For starters, there's Nicolas Cage ("The Family Man," "Leaving Las Vegas"), one of Hollywood's more entertaining performers to watch - even in bad films - attempting to do the Italian sounding thing. While viewers won't have any problem identifying where he's supposed to be from, his accent comes off more like an exaggerated caricature than the real thing.
Penelope Cruz ("All the Pretty Horses," "Woman On Top"), on the other hand, doesn't even seem to attempt to don a Greek accent, and if she has, her thick Spanish sound completely drowns it out. Then there's the odd effect that all writing appears in the native tongue, while certain characters of different countries occasionally can't seem to understand each other - despite their fellowmen speaking English - thus necessitating a translator who, naturally, also speaks in English.
I bring all of that up since such efforts, or lack thereof, are likely to distract the viewer from the proceedings. That's not to say, however, that a great deal of attention needs to be paid to the story - beyond catching certain characters' names - that follows the tried and true formula of romance-during-war plots.

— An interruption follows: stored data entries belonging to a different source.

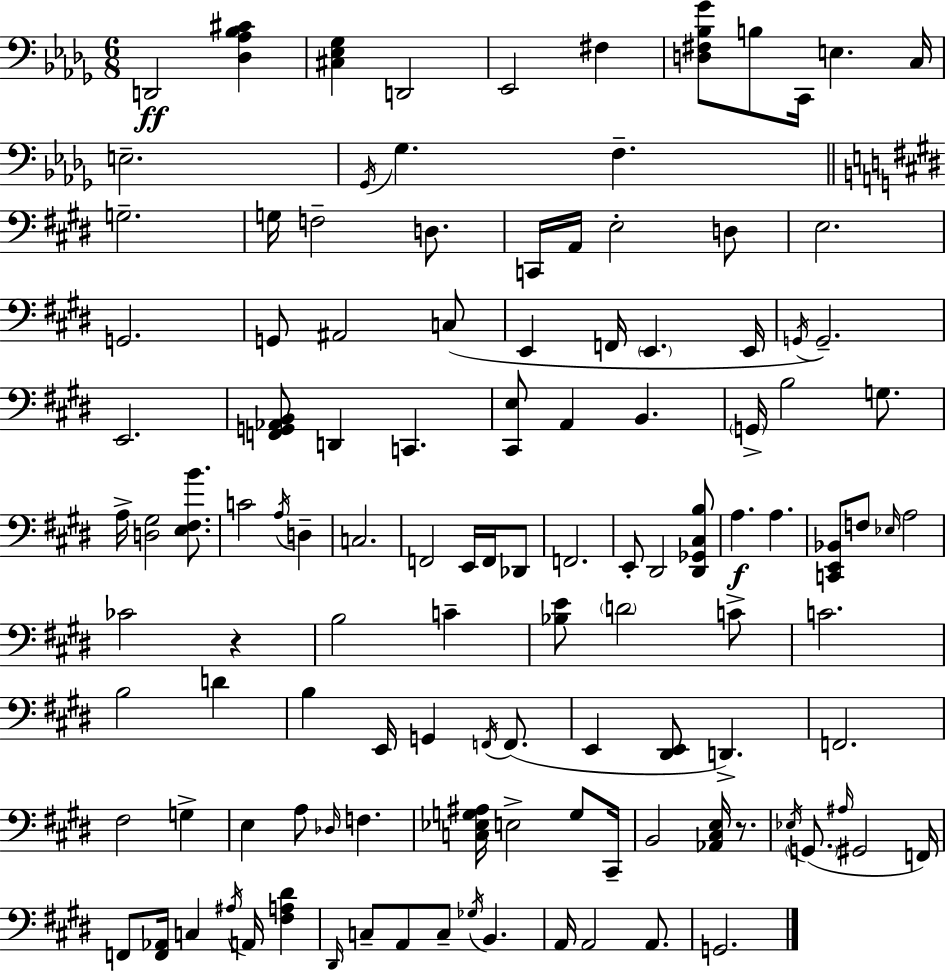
D2/h [Db3,Ab3,Bb3,C#4]/q [C#3,Eb3,Gb3]/q D2/h Eb2/h F#3/q [D3,F#3,Bb3,Gb4]/e B3/e C2/s E3/q. C3/s E3/h. Gb2/s Gb3/q. F3/q. G3/h. G3/s F3/h D3/e. C2/s A2/s E3/h D3/e E3/h. G2/h. G2/e A#2/h C3/e E2/q F2/s E2/q. E2/s G2/s G2/h. E2/h. [F2,G2,Ab2,B2]/e D2/q C2/q. [C#2,E3]/e A2/q B2/q. G2/s B3/h G3/e. A3/s [D3,G#3]/h [E3,F#3,B4]/e. C4/h A3/s D3/q C3/h. F2/h E2/s F2/s Db2/e F2/h. E2/e D#2/h [D#2,Gb2,C#3,B3]/e A3/q. A3/q. [C2,E2,Bb2]/e F3/e Eb3/s A3/h CES4/h R/q B3/h C4/q [Bb3,E4]/e D4/h C4/e C4/h. B3/h D4/q B3/q E2/s G2/q F2/s F2/e. E2/q [D#2,E2]/e D2/q. F2/h. F#3/h G3/q E3/q A3/e Db3/s F3/q. [C3,Eb3,G3,A#3]/s E3/h G3/e C#2/s B2/h [Ab2,C#3,E3]/s R/e. Eb3/s G2/e. A#3/s G#2/h F2/s F2/e [F2,Ab2]/s C3/q A#3/s A2/s [F#3,A3,D#4]/q D#2/s C3/e A2/e C3/e Gb3/s B2/q. A2/s A2/h A2/e. G2/h.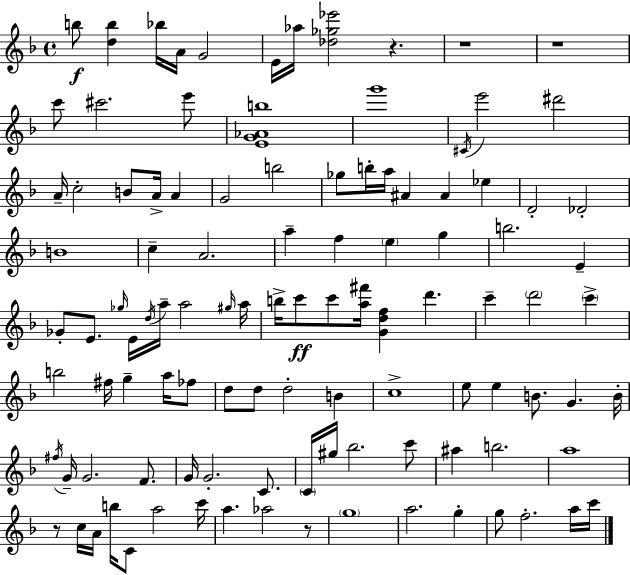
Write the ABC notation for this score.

X:1
T:Untitled
M:4/4
L:1/4
K:Dm
b/2 [db] _b/4 A/4 G2 E/4 _a/4 [_d_g_e']2 z z4 z4 c'/2 ^c'2 e'/2 [EG_Ab]4 g'4 ^C/4 e'2 ^d'2 A/4 c2 B/2 A/4 A G2 b2 _g/2 b/4 a/4 ^A ^A _e D2 _D2 B4 c A2 a f e g b2 E _G/2 E/2 _g/4 E/4 d/4 a/4 a2 ^g/4 a/4 b/4 c'/2 c'/2 [a^f']/4 [Gdf] d' c' d'2 c' b2 ^f/4 g a/4 _f/2 d/2 d/2 d2 B c4 e/2 e B/2 G B/4 ^f/4 G/4 G2 F/2 G/4 G2 C/2 C/4 ^g/4 _b2 c'/2 ^a b2 a4 z/2 c/4 A/4 b/4 C/2 a2 c'/4 a _a2 z/2 g4 a2 g g/2 f2 a/4 c'/4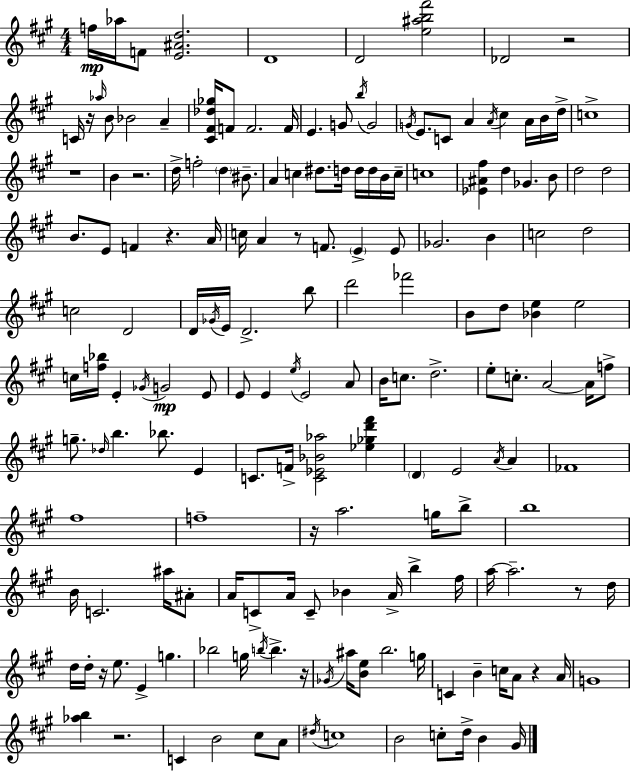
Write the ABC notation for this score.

X:1
T:Untitled
M:4/4
L:1/4
K:A
f/4 _a/4 F/2 [E^Ad]2 D4 D2 [e^ab^f']2 _D2 z2 C/4 z/4 _a/4 B/2 _B2 A [^C^F_d_g]/4 F/2 F2 F/4 E G/2 b/4 G2 G/4 E/2 C/2 A A/4 ^c A/4 B/4 d/4 c4 z4 B z2 d/4 f2 d ^B/2 A c ^d/2 d/4 d/4 d/4 B/4 c/4 c4 [_E^A^f] d _G B/2 d2 d2 B/2 E/2 F z A/4 c/4 A z/2 F/2 E E/2 _G2 B c2 d2 c2 D2 D/4 _G/4 E/4 D2 b/2 d'2 _f'2 B/2 d/2 [_Be] e2 c/4 [f_b]/4 E _G/4 G2 E/2 E/2 E e/4 E2 A/2 B/4 c/2 d2 e/2 c/2 A2 A/4 f/2 g/2 _d/4 b _b/2 E C/2 F/4 [C_E_B_a]2 [_e_gd'^f'] D E2 A/4 A _F4 ^f4 f4 z/4 a2 g/4 b/2 b4 B/4 C2 ^a/4 ^A/2 A/4 C/2 A/4 C/2 _B A/4 b ^f/4 a/4 a2 z/2 d/4 d/4 d/4 z/4 e/2 E g _b2 g/4 b/4 b z/4 _G/4 ^a/4 [Be]/2 b2 g/4 C B c/4 A/2 z A/4 G4 [_ab] z2 C B2 ^c/2 A/2 ^d/4 c4 B2 c/2 d/4 B ^G/4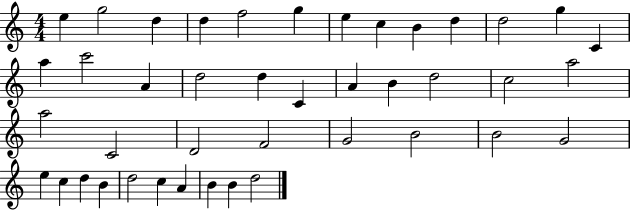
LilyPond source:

{
  \clef treble
  \numericTimeSignature
  \time 4/4
  \key c \major
  e''4 g''2 d''4 | d''4 f''2 g''4 | e''4 c''4 b'4 d''4 | d''2 g''4 c'4 | \break a''4 c'''2 a'4 | d''2 d''4 c'4 | a'4 b'4 d''2 | c''2 a''2 | \break a''2 c'2 | d'2 f'2 | g'2 b'2 | b'2 g'2 | \break e''4 c''4 d''4 b'4 | d''2 c''4 a'4 | b'4 b'4 d''2 | \bar "|."
}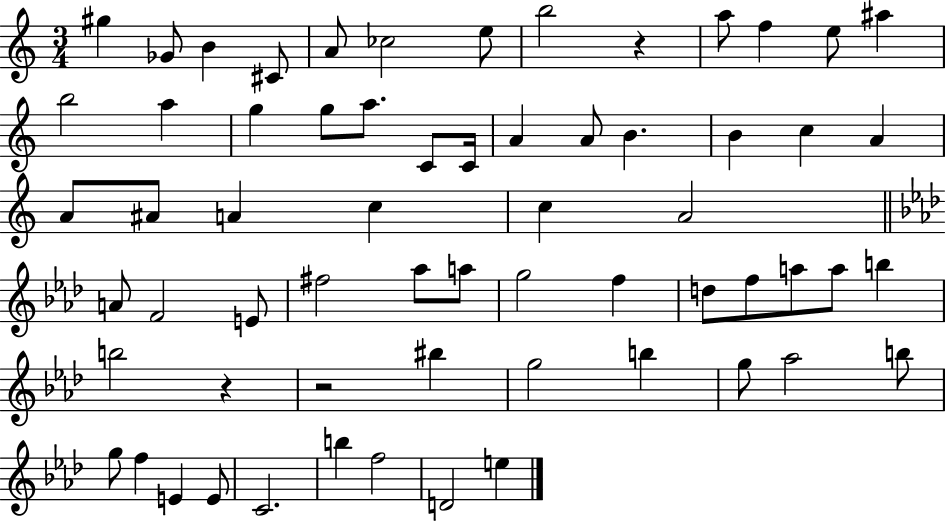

Not being familiar with the original novel, I can't say how faithful this cinematic adaptation is to it, but what's present here won't strain the imagination or heart too much, although one's gluteus maximus is another point altogether. Yes, the film doesn't contain enough substance - despite the historical setting - to sustain its two-hour plus runtime. Nor does its story stray too far from the predictable, and, at times melodramatic and contrived, formula.
Like many war-based romances, this one features the solider (Cage) who arrives in a foreign land, falls for the local, ravishing beauty (Cruz), but then has all of that interrupted when that pesky and bothersome war decides to kick in - sometime after the midway point -- and disrupt things with some fighting, deaths and general mayhem.
Despite the been there, seen that aura and approach playing off the notion of love and war making strange bedfellows, however, there's always the possibility that the film could still be entertaining, engaging and potentially even moving if handled with just the right touch and care.
In such regards, director John Madden ("Shakespeare in Love," "Mrs. Brown") and screenwriter Shawn Slovo ("A World Apart") don't offer anything that will blow away viewers, and one's tolerance for the melodramatic moments and coincidences will weigh heavily on their acceptance and/or enjoyment of what's offered. The moderate "twist" they present is that the soldier is a fun loving, choir conducting, mandolin player rather than a young and naïve or gritty and hardened fellow.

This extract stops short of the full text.